A cryptosystem is \(\vartheta \)-indistinguishable with respect to two signals \(x_1\) and \(x_2\) if for every possible detector \(\mathscr {D}(y)\) we have

$$\begin{aligned} P_d - P_f \le \vartheta . \end{aligned}$$
(9.9)

According to the above definition, lower values of \(\vartheta \) correspond to higher security, with \(\vartheta = 0\) being equivalent to perfect secrecy.

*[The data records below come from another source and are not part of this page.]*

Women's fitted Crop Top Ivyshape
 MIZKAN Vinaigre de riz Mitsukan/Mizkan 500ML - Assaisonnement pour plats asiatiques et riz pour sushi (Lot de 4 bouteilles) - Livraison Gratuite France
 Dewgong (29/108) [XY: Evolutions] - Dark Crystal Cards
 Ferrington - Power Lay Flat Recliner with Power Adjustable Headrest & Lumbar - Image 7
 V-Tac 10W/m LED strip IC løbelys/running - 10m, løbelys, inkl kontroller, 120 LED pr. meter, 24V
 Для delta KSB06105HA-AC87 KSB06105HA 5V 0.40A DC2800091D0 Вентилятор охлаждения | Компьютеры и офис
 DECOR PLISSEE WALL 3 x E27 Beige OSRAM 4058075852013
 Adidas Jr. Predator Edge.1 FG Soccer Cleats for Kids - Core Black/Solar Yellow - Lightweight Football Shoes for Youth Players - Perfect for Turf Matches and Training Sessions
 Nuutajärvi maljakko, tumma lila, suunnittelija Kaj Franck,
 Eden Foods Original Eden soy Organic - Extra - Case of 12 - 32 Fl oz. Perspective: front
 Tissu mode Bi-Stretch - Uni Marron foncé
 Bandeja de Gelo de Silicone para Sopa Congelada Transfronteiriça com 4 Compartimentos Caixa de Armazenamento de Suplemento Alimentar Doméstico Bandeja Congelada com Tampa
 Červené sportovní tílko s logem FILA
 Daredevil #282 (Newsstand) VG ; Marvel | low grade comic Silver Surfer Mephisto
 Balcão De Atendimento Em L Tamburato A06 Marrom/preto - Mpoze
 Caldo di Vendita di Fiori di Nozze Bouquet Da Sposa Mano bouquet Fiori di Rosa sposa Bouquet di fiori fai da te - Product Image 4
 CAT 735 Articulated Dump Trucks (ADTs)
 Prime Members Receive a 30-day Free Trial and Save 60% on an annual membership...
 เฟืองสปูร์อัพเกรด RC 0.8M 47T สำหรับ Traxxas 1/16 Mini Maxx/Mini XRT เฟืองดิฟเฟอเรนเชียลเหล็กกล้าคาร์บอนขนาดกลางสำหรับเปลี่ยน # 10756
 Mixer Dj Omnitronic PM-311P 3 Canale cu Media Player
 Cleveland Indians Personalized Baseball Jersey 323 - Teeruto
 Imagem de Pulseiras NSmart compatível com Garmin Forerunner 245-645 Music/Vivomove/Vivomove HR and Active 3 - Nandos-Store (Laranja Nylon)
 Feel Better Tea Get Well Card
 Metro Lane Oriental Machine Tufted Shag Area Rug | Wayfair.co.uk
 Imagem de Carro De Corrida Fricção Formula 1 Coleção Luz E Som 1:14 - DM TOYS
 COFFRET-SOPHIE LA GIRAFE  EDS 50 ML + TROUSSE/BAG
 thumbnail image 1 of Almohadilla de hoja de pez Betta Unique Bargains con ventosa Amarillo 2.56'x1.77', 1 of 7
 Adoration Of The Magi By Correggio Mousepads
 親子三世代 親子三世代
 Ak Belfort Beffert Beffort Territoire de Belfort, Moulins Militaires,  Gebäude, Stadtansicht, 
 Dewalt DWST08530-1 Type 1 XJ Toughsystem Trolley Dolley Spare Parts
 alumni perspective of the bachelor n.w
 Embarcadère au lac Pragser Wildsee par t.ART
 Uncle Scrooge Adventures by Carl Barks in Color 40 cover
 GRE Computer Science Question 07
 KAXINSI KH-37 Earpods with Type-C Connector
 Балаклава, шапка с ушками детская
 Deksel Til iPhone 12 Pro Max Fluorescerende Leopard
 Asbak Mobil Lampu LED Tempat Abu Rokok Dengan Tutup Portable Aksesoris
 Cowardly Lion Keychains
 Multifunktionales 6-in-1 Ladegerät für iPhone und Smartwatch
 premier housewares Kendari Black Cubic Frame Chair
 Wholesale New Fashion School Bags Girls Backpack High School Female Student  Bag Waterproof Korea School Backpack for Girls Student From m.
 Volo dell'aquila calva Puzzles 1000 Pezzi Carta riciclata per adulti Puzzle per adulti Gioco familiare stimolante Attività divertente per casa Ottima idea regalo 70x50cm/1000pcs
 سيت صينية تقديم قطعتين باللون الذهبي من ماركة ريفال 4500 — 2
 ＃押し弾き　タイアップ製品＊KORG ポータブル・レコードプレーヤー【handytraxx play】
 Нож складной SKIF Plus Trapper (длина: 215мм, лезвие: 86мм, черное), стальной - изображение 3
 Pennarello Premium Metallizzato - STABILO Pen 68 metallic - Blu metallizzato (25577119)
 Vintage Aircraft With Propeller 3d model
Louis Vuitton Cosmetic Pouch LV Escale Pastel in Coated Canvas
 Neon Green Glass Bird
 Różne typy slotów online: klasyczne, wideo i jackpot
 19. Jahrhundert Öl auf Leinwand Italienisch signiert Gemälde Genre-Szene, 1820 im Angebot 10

Given an OTS cryptosystem defined by a sensing matrix A with a certain distribution, we can link the \(\vartheta \)-indistinguishability of the cryptosystem to \(\mathbb {P}(y|x_1)\) and \(\mathbb {P}(y|x_2)\). Let us define the total variation (TV) distance between the probability distributions \(\mathbb {P}_A(a)\) and \(\mathbb {P}_B(b)\) as \(\delta (\mathbb {P}_A(a),\mathbb {P}_B(b)) = \frac{1}{2}\int {|\mathbb {P}_A(t) - \mathbb {P}_B(t)|dt}\). Let us also denote in short \(\delta (\mathbb {P}(y|x_1),\mathbb {P}(y|x_2)) = \delta (\mathbb {P}_1,\mathbb {P}_2)\). We have the following:

Theorem 9.4

An OTS cryptosystem is at least \(\delta (\mathbb {P}_1,\mathbb {P}_2)\)-indistinguishable with respect to two signals \(x_1\) and \(x_2\).

Proof

The sum of error probabilities in a statistical hypothesis test can be lower bounded as [14]

$$\begin{aligned} \mathrm {Pr}\{\mathscr {D}(y) = x_2|x_1\} + \mathrm {Pr}\{\mathscr {D}(y) = x_1|x_2\}&= 1 - P_d + P_f \nonumber \\&\ge 1 - \delta (\mathbb {P}(y|x_1),\mathbb {P}(y|x_2)) \end{aligned}$$
(9.10)

from which it is immediate to derive \(P_d - P_f \le \delta (\mathbb {P}_1,\mathbb {P}_2)\). \({\square }\)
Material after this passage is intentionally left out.